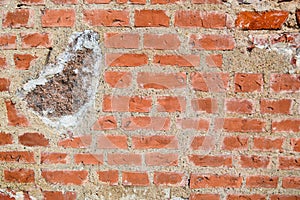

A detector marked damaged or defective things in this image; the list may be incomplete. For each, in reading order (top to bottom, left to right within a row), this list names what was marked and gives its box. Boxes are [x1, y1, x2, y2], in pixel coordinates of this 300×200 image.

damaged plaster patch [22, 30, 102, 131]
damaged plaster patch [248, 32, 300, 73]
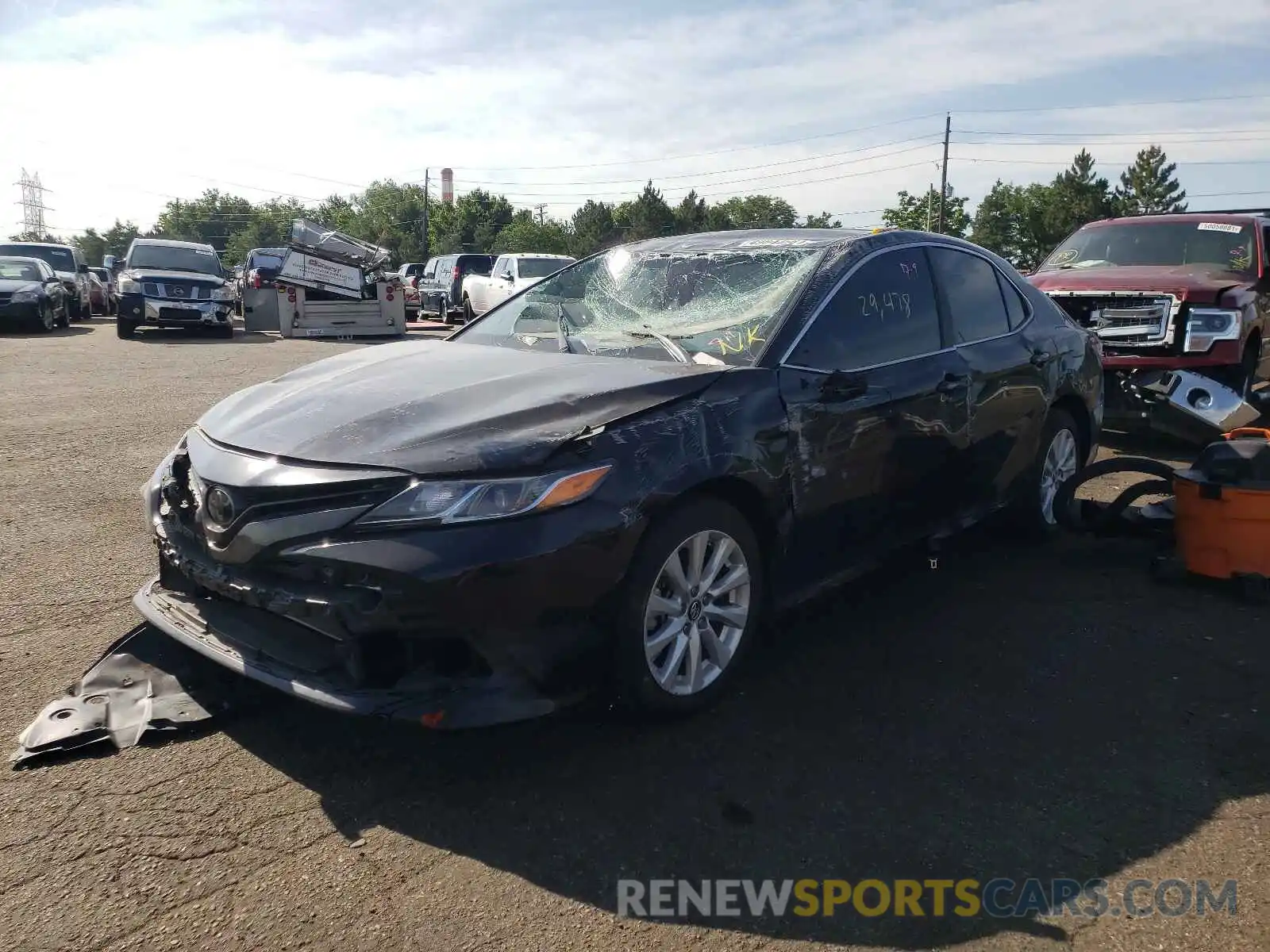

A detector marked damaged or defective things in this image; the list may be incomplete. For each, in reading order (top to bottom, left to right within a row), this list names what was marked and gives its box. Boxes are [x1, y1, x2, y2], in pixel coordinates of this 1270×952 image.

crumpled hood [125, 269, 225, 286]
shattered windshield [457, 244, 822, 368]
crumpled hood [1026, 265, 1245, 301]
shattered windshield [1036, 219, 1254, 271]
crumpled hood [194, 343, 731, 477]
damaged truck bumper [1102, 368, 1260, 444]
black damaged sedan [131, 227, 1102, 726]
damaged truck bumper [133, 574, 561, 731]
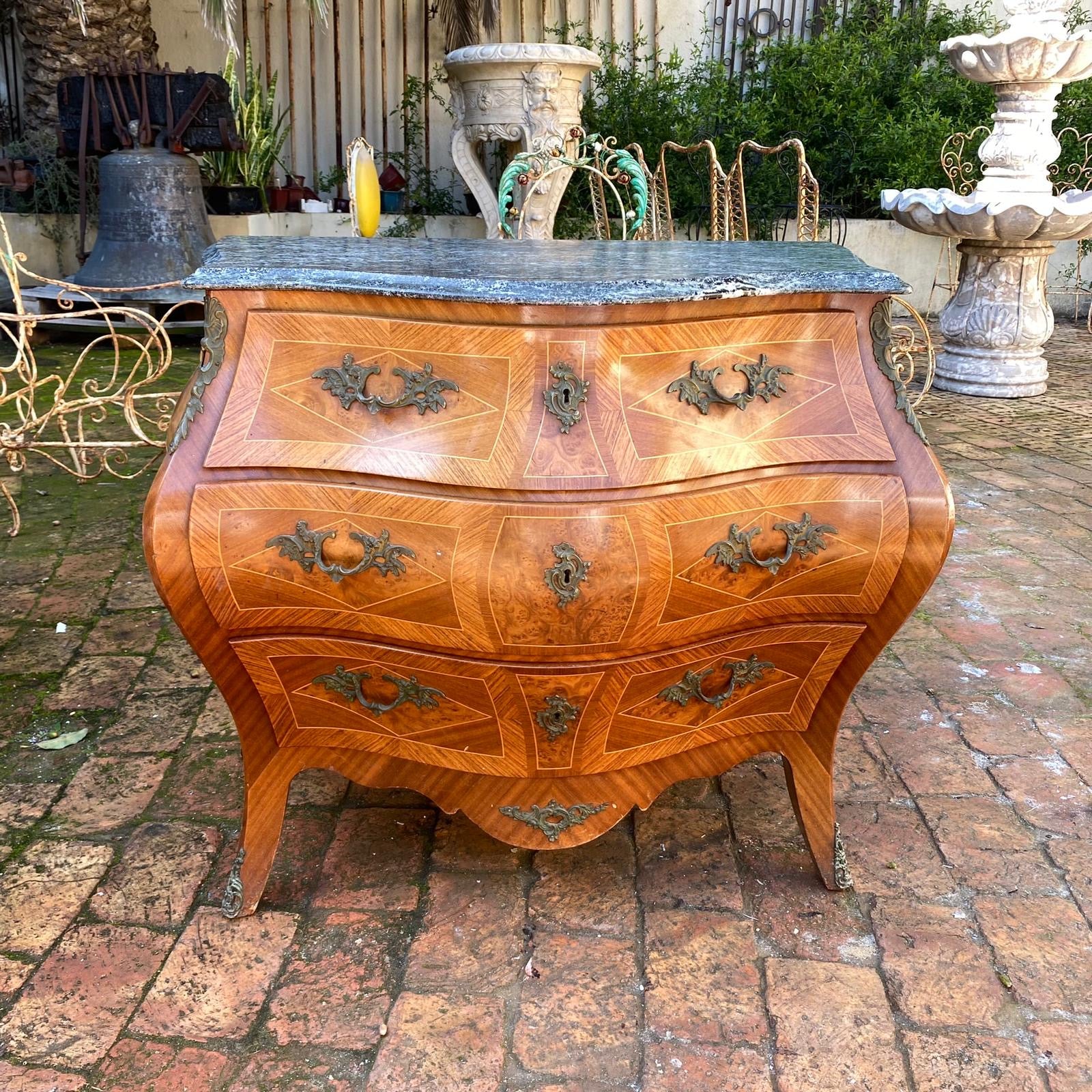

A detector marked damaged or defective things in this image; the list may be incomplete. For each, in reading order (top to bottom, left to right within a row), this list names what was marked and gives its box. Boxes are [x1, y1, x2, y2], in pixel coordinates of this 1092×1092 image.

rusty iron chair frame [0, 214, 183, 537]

WHAT TO WORK ON
Once you reach the line containing "this 1092×1092 image.", output that line and each one after it exactly, ending with the final line of the listing and adding nothing else.

REPLY
A detector marked damaged or defective things in this image; the list may be incomplete. For each, in reading order (top to bottom, left to right within a row), this list names what was marked and gives its box. Boxes are [x1, y1, x2, y2], in pixel coordinates of this 1092×1092 image.

rusty iron chair frame [0, 214, 183, 537]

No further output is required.